The house was three-stories in a neighbourhood of narrow streets and lanes
Soon after that, at 8 a.m., I was on my back on the wooden stage of the Kerala Kathakali Centre. It was time for the morning ragas, one hour of sitar and tabla music, and the six or seven of us gathered in the peaceful theatre were invited to sit or lie down as we pleased to meditate to the music. The contrast to the theatre two nights before was extreme: we’d been packed in there with a full house of tourists to see a sampling of kathakali dance, a traditional Keralan royal art form that had been revived in the 1930s. The dancers had spent almost two hours making themselves up with all-natural paints, and a mask specialist had glued stylized paper beards on their faces. In the scene that we saw, Prince Bhima fights Baka, a “violent, murderous forest-dwelling demon.” Prince Bhima wins by killing Baka, but only after a lot of threats, insults, and significant eye-rolling, mouth mashing, and hand gestures, as well as twirling around in magnificent skirts in time to the drums and sung narration.
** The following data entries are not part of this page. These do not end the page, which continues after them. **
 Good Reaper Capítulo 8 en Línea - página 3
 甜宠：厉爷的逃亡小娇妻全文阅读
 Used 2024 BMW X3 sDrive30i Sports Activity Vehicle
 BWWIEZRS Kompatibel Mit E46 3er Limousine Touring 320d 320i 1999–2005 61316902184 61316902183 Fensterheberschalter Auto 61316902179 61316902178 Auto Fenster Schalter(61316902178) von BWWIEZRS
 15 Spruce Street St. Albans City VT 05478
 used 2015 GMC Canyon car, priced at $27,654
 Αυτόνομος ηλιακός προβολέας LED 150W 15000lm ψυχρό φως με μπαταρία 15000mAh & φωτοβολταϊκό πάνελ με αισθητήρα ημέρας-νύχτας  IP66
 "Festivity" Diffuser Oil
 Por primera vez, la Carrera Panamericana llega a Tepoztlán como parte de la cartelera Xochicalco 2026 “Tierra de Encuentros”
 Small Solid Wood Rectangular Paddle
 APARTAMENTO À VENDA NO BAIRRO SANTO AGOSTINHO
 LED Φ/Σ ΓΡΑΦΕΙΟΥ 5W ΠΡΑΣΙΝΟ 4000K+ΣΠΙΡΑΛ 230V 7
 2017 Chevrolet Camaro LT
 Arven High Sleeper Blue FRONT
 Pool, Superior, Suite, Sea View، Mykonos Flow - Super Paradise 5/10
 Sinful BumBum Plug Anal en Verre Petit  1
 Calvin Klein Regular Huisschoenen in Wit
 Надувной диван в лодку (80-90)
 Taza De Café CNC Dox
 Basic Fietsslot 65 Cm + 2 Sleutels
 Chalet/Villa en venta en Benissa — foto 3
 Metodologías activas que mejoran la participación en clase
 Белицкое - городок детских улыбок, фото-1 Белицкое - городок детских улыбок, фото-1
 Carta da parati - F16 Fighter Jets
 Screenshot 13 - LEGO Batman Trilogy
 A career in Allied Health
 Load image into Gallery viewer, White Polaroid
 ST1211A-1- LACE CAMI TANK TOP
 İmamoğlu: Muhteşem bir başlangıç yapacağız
His last words to the beast included, “I’ll rip out your heart!” The mayhem of the fight was all cleared away in time for the morning ragas, and I spent a blissful hour lying on the dimmed stage, transported by the strains of the sitar and rhythm of the tablas. Dan and I returned that evening for a fantastic concert of Indian flute and two types of drums (mridangam and ganjeera). The drummer’s hand that we could see moved so fast it was a blur, and the flute was ethereal
Another highlight of our Kochi stop was meeting up with my brother and sister-in-law’s friends, who packed up everything in Vancouver and moved their family (two children, 8 & 10) to India to travel and work on a business here. They are having such fun living here and travelling in the region, and it was a great chance to learn a few tips from the expat point of view. You meet people like this who are fully enjoying their unconventional life, and you are inspired to make of your life what you want. As we all agreed, “life is not a dress rehearsal.”